/jobz

zeromq queue based distributed job execution and synchronization behind mongrel2

Primary LanguagePython

jobz

zeromq queue based distributed job execution and synchronization behind mongrel2

The general idea is to have jobs for any pipeline to be executed by workers subscribing to a queue. Each job tries to do its task and then publishes the call for the next step. This allows a chain of disconnected servers to participate in a sychronized sequence. Work is pulled in from the publishing broker, so workers can be behind a firewall and they can still pull in work requests. The broker must be accessible to all and the http frontend.

The implementation philosophy is to keep the code very simple, and general. Its just a few simple python scripts, and a mongrel2 server. The complexity is moved out of the code and into deploying and managing the various workers. A good tool such as Ansible makes that job pretty easy. Everywhere a job will run, there will be a worker listening to the queue. The worker will simple execute some local command, which may be a complex shell command.

All job data, such as its command string, is in yaml config files. Each job loads a specified job db which contains the arbitrary command to execute, and other data, and the command string includes printf style format strings, so query string data from the URL can be used to pass parameters to the job. Dangerous escape characters are removed from the query string before being interpolated into the command string.

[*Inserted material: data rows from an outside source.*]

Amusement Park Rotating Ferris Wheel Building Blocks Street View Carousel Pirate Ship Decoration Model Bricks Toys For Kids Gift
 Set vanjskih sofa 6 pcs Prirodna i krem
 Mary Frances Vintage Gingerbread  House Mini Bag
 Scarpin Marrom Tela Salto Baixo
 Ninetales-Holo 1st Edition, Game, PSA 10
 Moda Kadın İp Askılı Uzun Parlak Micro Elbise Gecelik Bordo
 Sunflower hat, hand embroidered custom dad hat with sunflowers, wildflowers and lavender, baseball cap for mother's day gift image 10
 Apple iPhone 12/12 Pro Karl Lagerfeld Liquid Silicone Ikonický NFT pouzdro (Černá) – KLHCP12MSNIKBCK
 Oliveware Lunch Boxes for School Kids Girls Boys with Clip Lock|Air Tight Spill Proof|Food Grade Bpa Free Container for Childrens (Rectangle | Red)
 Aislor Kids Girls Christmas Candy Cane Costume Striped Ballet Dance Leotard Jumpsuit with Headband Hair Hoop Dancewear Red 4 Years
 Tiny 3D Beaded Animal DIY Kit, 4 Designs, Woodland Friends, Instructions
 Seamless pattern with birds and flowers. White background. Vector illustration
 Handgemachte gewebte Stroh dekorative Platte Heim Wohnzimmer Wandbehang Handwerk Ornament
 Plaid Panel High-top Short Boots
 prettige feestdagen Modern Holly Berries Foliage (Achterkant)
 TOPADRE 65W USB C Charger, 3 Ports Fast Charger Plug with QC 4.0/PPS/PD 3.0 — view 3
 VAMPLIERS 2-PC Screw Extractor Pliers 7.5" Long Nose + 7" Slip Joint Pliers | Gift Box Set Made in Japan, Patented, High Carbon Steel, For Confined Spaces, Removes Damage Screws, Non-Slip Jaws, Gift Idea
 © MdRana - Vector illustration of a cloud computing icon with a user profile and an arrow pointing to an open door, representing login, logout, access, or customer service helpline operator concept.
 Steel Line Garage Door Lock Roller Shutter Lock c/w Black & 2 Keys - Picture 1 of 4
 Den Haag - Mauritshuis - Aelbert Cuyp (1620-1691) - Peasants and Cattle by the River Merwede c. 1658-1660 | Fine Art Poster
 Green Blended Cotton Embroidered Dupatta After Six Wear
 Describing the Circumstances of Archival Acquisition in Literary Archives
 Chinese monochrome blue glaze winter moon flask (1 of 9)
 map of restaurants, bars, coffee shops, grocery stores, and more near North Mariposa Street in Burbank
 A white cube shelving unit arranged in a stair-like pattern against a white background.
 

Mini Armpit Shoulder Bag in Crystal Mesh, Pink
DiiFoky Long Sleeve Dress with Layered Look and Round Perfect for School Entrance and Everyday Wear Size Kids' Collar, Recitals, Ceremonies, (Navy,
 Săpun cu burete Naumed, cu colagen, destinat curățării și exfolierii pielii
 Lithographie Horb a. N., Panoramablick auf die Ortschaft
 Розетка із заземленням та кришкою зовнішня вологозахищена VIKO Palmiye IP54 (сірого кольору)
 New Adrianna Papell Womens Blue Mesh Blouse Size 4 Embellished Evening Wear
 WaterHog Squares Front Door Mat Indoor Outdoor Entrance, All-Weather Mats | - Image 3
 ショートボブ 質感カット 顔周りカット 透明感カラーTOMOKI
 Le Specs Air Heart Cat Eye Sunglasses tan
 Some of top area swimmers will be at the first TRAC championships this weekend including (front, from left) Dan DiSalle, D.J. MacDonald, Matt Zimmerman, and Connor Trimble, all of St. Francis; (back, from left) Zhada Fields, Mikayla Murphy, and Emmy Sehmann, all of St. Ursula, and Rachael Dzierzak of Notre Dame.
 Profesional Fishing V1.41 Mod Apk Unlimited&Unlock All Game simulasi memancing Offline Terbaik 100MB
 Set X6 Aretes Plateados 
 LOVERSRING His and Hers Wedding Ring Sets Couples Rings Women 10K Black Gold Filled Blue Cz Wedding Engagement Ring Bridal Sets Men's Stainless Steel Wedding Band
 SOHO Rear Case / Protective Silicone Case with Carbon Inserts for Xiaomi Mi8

The frontend is mongrel2. The broker is connected to the web frontend. The workers all pull from the broker. All work requests are very simple and can be triggered from simple commands at the command line like:

  curl -v http://whatever.com:6769/job_start?job_name=import_category_dump\&date=`/bin/date "+%Y_%m_%d"`

That command would cause all workers which are subscribed to the topic to execute their configured commands, providing a date which can be used in the command string with python style format strings. When done these workers call the next step or they call a failure handler. Each job has an on success and an on failure handler. Each job can also make any other calls by using the http interfact to update status or trigger jobs.

Complex dependencies such as making one job depend on the successful completion of any number of other jobs, so one job can run after 10 jobs finish the first 4 steps, or one job can trigger many other jobs. There's a simple semaphore worker which is used to handle the complex dependencies. When several instances of the semaphore script are used in parallel, then act like a lock which is released when the many dependents are done. So this too is a complex problem, solved with very simple code. The semaphores need to be deployed and started in the right way to handle the complex dependency, but the code is very simple.

I have plans for securing it. I'll make the mongrel2 frontend accept requests only from my own certificate authority.